Penyewaan Tanah di Situbondo pada masa kolonial

0
1733

Wilayah Situbondo dianggap potensial secara ekonomis sehingga oleh pemerintah VOC dijadikah lahan mengeruk uang dengan menyewakan kepada orang-orang Cina. Dua keluarga Cina yang memiliki pengaruh luas di Situbondo adalah keluarga Tan dan keluarga Han.

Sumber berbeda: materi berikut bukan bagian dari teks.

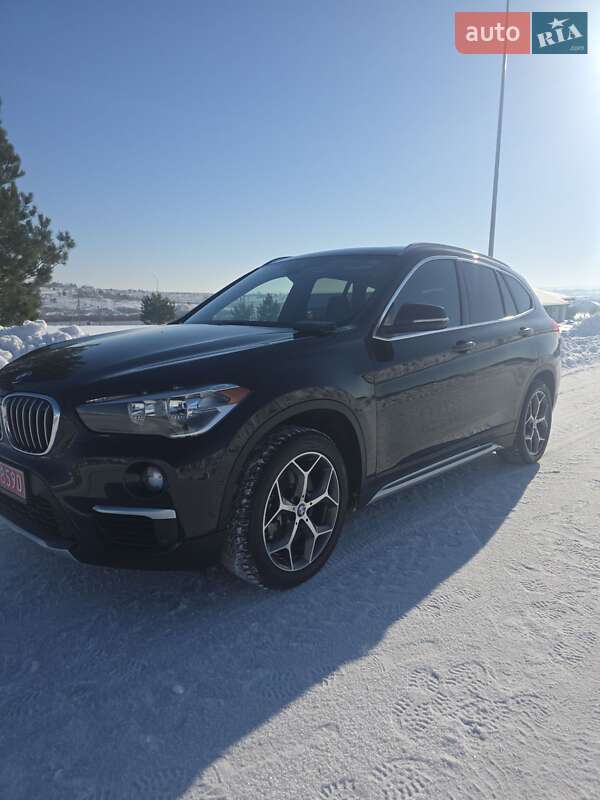 Внедорожник / Кроссовер BMW X1 2019 в Ровно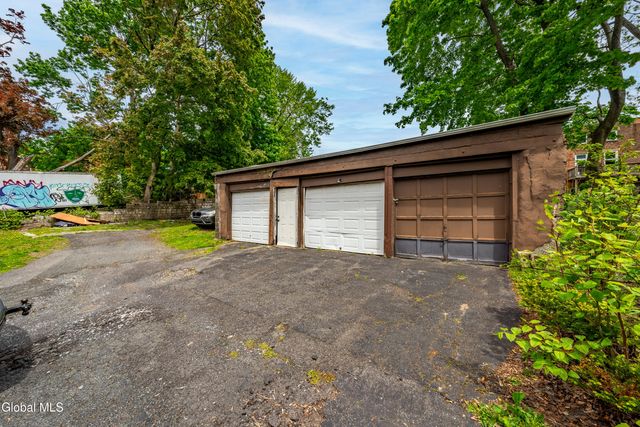 29 2nd Street, Albany, NY 12210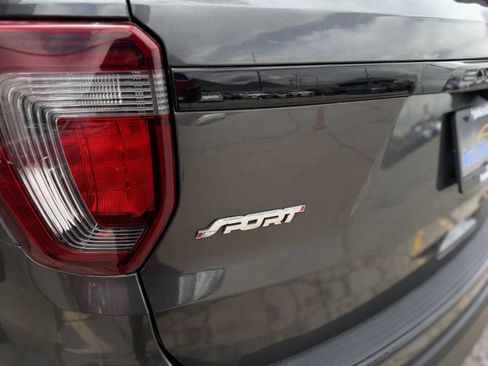 Used 2018 Ford Explorer Sport w/ Equipment Group 401A AWD/4WD image 47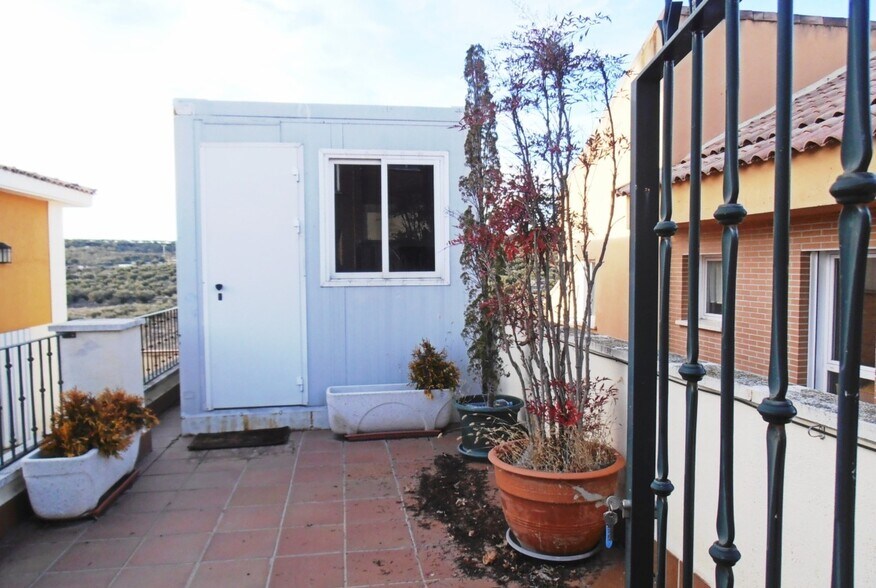 Office in Cabanillas del Campo, Guadalajara for lease - Primary Photo - Image 1 of 3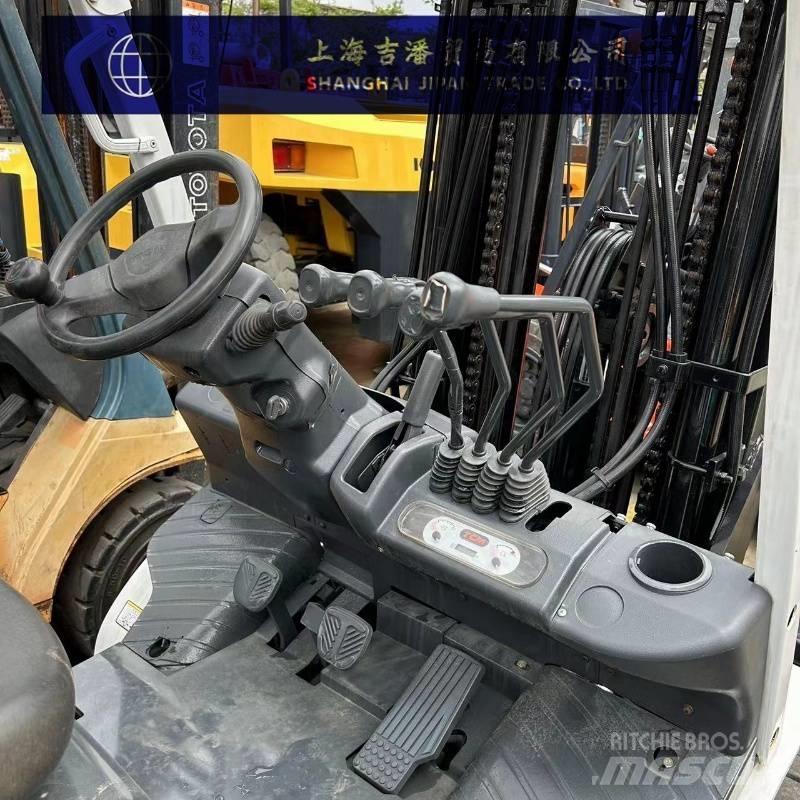 TCM 30 柴油叉车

Keluarga Han bisa menguasai daerah Situbondo karena kedekatannya dengan Hendrik Breton, pemimpin VOC (gezaghebber) untuk daerah uung timur Jawa (Oosthoek) yang berpusat di Semarang. Breton menjadi penguasa ujung timur Jawa pada antara 1750-1760an, setelah sebelumnya menjadi residen di Rembang. Ketika menjabat sebagai gezaghebber, Breton mengangkat Soeropernolo sebagai kepala polisi untuk daerah Panarukan Soeropernolo adalah anggota keluarga Han yang telah menjadi muslim pasca pembantaian orang-orang Cina di Batavia, peranakan Cina dan Jawa. Bapaknya adalah  Han Hin Song dan ibunya adalah seorang putri bupati Rajekwesi (Bojonegoro). Koneksinya dengan Breton itulah yang memberikannya kekayaan dan pengaruh yang kuat untuk menjamin masa depan keluarganya. Salah satu anaknya, Baba Midun, yang juga dikenal dengan nama Soeroadiwikromo, menjadi rangga di Besuki (1776) dan kemudian pada 1794 menjadi tumenggung di Puger (Jember) dan Besuki.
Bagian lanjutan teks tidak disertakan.